What it does: Brings async check-ins and lightweight bot interactions to community or engineering Discord servers.

Data flow: Channel messages and bot callbacks; best when your culture already centers on Discord rather than corporate chat.

Setup: Invite the bot with least-privilege channel access and map channels to Dailybot teams.

Coding agents

These integrations focus on agent visibility—surfacing assisted coding work next to human check-ins.

Cursor

What it does: Lets agents running in Cursor emit progress via the Dailybot CLI and project rules.

Data flow: Terminal-based reporting from the repo; metadata includes model hints and branch context when configured.

Setup guide: Connecting Cursor to Dailybot (step-by-step).

Claude Code

What it does: Connects Anthropic’s Claude Code workflows to the same reporting pipeline using project instructions and CLI usage.

Data flow: Structured standup-style posts triggered when agents finish meaningful work.

Setup guide: Connecting Claude Code to Dailybot (step-by-step).

GitHub Copilot

What it does: Maps Copilot-assisted editor sessions into Dailybot’s timeline—completions, accepted suggestions, and session markers depending on your policy.

Data flow: From the IDE or relay into Dailybot’s agent feed; appears alongside human updates.

Setup guide: Connecting Copilot to Dailybot.

Windsurf

What it does: Reports Windsurf agent actions, code-change summaries, and session metrics into Dailybot.

Data flow: IDE connector or relay to your workspace timeline.

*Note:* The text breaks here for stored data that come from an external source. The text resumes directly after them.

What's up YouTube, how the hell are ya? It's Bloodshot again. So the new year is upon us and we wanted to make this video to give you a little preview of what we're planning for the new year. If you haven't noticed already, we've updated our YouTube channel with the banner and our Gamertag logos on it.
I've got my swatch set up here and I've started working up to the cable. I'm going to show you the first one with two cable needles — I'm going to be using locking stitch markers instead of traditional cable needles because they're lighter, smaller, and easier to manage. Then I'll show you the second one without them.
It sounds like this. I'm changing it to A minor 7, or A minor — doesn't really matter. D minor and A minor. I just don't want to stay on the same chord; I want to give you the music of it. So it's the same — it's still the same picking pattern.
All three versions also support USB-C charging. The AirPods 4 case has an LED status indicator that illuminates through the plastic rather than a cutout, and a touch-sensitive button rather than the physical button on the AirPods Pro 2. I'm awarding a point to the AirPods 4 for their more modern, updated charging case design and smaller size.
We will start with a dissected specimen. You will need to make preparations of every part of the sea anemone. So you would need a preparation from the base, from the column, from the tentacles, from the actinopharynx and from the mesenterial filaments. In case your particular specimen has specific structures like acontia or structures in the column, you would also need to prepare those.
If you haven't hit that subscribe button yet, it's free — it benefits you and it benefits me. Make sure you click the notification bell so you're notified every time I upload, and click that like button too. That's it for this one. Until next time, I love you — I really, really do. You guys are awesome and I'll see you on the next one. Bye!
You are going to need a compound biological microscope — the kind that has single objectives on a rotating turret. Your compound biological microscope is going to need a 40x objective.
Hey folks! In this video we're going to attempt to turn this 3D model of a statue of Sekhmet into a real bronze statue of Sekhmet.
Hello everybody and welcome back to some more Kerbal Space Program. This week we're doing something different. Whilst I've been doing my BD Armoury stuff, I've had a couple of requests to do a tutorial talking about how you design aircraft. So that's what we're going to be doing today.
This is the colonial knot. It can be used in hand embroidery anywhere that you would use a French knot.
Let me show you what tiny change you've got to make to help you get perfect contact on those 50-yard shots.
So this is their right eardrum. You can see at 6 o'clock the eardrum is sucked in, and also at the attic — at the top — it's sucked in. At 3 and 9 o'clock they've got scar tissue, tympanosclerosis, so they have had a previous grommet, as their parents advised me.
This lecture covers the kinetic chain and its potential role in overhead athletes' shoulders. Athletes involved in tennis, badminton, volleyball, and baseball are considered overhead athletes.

Setup guide: Connecting Windsurf to Dailybot.

Project management

These connectors anchor Dailybot to tickets and issues so standups reference real work items.

Jira

What it does: Links issues and sprint context to check-ins or commands (exact features depend on your plan).

Data flow: Issue keys, status transitions, or summaries can inform responses; Dailybot may post updates back to tickets when configured.

Setup: Connect via the Jira integration screen, map projects, and test with a pilot board.

Linear

What it does: Keeps fast-moving product teams tied to Linear issues during async updates.

Data flow: Similar to Jira—identity-linked references between Dailybot responses and Linear objects.

Setup: OAuth into Linear from Dailybot and select teams or workspaces.

GitHub Issues

What it does: Connects standup answers and workflows to GitHub’s issue tracker for open-source or GitHub-centric engineering orgs.

Data flow: Issue references in check-ins; optional automation from GitHub events depending on configuration.

Setup: Authorize the GitHub app or token scopes required for issues and repositories you trust.

Webhooks and API

When first-party connectors are not enough, webhooks and HTTP APIs let you customize the edges.

Webhooks

What they do: Push events from Dailybot to your systems (or accept inbound events where supported) with signed payloads.

Data flow: Near-real-time HTTP callbacks—ideal for internal dashboards, incident bots, or custom analytics.

Deep dive: Webhook registration for push delivery.

Agent API

What it does: Programmatic access for reporting, health checks, inbox flows, and automation at scale.

Data flow: Your services call Dailybot with authenticated requests; responses follow the documented JSON schemas.

Reference: Agent API reference (full).


Start with one chat platform plus one work tracker, then add one coding agent source that matches how your engineers actually work. That sequence keeps the timeline readable while still giving leadership a single place to look. For the full marketing view of connectors, use the explore integrations call-to-action on this page.

FAQ

Where should I start if my team lives in Slack?
Install the Slack integration first so check-ins, reminders, and bot interactions land where people already work. Then add coding-agent or PM tools so the same Dailybot workspace receives structured events from those systems.
Do coding agent integrations replace human standups?
No. They add telemetry and milestone posts next to human answers. The goal is shared visibility—humans still provide intent, blockers, and context agents cannot infer.
How do webhooks differ from first-party integrations?
First-party connectors handle OAuth, schemas, and UI configuration. Webhooks let your own services push or receive events with custom payloads when you need a bespoke system or internal tool on the wire.